The LKML thread: http://lkml.org/lkml/2007/1/25/184
Recursive probe hit on SMP
Reported by jb17some on 27th March 2008 with patched 2.6.25-rc6.
Mar 26 21:19:02 amd64linuxmsi kernel: NVRM: loading NVIDIA UNIX x86_64 Kernel Module 169.12 Thu Feb 14 17:51:09 PST 2008
Mar 26 21:19:08 amd64linuxmsi kernel: mmiotrace: ioremap_*(0xfd000000, 0x1000000) = ffffc20004d80000
...
kmmio: recursive probe hit on CPU 0, for address 0xffffc20004d80140. Ignoring.
BUG: unable to handle kernel paging request at ffffc20004d80140
IP: [<ffffffff8845fad2>] :nvidia:_nv003829rm+0x16/0x1b
PGD 77a34067 PUD 77a35067 PMD 54ada067 PTE 80000000fd00017a
Oops: 0002 [1] SMP DEBUG_PAGEALLOC
Using a single processor this bug does not trigger. It excludes the possibility of an instruction that legitimately faults twice.
Discussion and solution options: http://lkml.org/lkml/2008/3/28/391 (link fixed)
Hard lockup while tracing NV50 hardware
Netconsole does not output anything. Sometimes cpu0 log can get tens of thousands of lines, sometimes it's empty. A user reported that have to run X with the blob before starting to trace with the hooked blob. Koala_BR managed to do traces by using filter_offset.
There was a mapping of the range 0x0-0x600 in PCI space, I tried excluding that, but it doesn't help. The blob also maps multiple times addresses above 0xf0000000 where there is nothing that I can see of, looking at lspci. Didn't try to exclude those yet.
I implemented a module parameter to disable the actual MMIO tracing in mmio.ko. This gets me a list of would-be-traced addresses.
Among three users (me, cbaoth and clearer) we all have 64-bit Intel CPU, but not all 64-bit Linux. Clearer is running nv40, though.
evidence: hard lockup, netconsole is useless. After the blob has been running once, mmio-tracing after that works. Sometimes the MAP and UNMAP events get into the trace file before the machine freezes, but I never see the respective printk's in netconsole kernel output. NMI watchdog seems to detect a lockup, but the report did not make it into the disk. The only thing seen in the NMI report is something in spinlock.

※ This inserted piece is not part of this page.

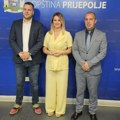 Dvonedeljni program povodom Dana opštine Prijepolje: Koncerti, sport, kultura i sadržaji za najmlađe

cbaoth says he gets nothing to serial console, but kbd leds caps&scroll blinking. Even when I added per-CPU kmmio context, things do not change. Does not look like double faulting anymore, as that should now trigger a loud panic. All this is with blob version 100.14.19 or the one earlier. Version 169.07 is said to work okay with mmio-trace.
hypothesis: In lack of better ideas, let's blame nvidia for implementing a deadly race condition that normally never triggers, but mmio-trace screws all odds and makes it trip. Or for mapping stuff that is not theirs.
status: On hold, until mmio-trace is in mainline kernel and the "unknown opcode" issue is fixed.
- See if kernel boot option
mem=nopentium
makes a difference. In theory it should not... - May be debugged using remote DMA over Firewire (The DMA busmastering hardware of FireWire can work even when the CPU is stuck with interrupts disabled, but the PCI bus and the DRAM controller must be alive). Quick Howto: Connect two boxes with Firewire, load ochi1394 on both, copy System.map from lockup machine to debug machine, install firescope (grep -r /firescope Documentation in 2.6.25rcX) run it and get dmesg buffer readout working, run the mmiostrace. If firescope is working in that lockup, you can also use a version of fireproxy (I think 0.33) to parse the RAM of the locked-up machine using gdb with debug symbols of the kernel.
Null pointer dereferences in single step handler
existence: http://people.pwf.cam.ac.uk/sb476/nv/derefcrash.txt
hypothesis: We also seem to have a race where the page fault handler is called before we can single step the faulting instruction.
This could perhaps happen if an instruction caused two faults for different pages. However, this hypothesis has not been confirmed as the cause of the problem that we see.
status: Code was updated to not mess with the current page pointer if the address that caused the page fault is not being traced. This has fixed the problem for sb.
Something bad happens with the relay channel
pq saw some freezes when running mmio-trace at realtime priority caused by this.
Other Expected Problems
Think about accesses that cross page boundaries.
Double fault lockups (Solved)
hypothesis: It seems that we are occasionally unable to convince the processor that pages are present.
We can confirm this hypothesis by testing for the page present bit in the fault handler. Furthermore, if, in the fault handler, we try to set the page present and read from it a recursive call of the fault handler is seen.
hypothesis: The problem seems independent of the nvidia driver
sb appears to be able to reproduce the problem without the nvidia blob using https://no.spoon.fi/~pq/home_nv28/mmio13/kernel_kmmio.c and http://infidigm.net/~jeff/nv-test-0.2.tar.gz
evidence: http://people.pwf.cam.ac.uk/sb476/nv/nvtest02.txt.
hypothesis: The problem is specific to certain addresses.
test case: http://infidigm.net/~jeff/nv-test-0.5.tar.gz tries reading from a known good address and then writing to one of the 'bad' addresses.
Try loading the nv-test driver against git HEAD kmmio/mmio-trace (or any simple variations). Remember to hook-module nv-test.ko first. Also, I haven't tested the pci id stuff, so it might be buggy.
evidence: early evidence seems to indicate that specific addresses are not always bad, but they might still be sometimes bad.
Cause
processes page tables were not being synced with the reference page table.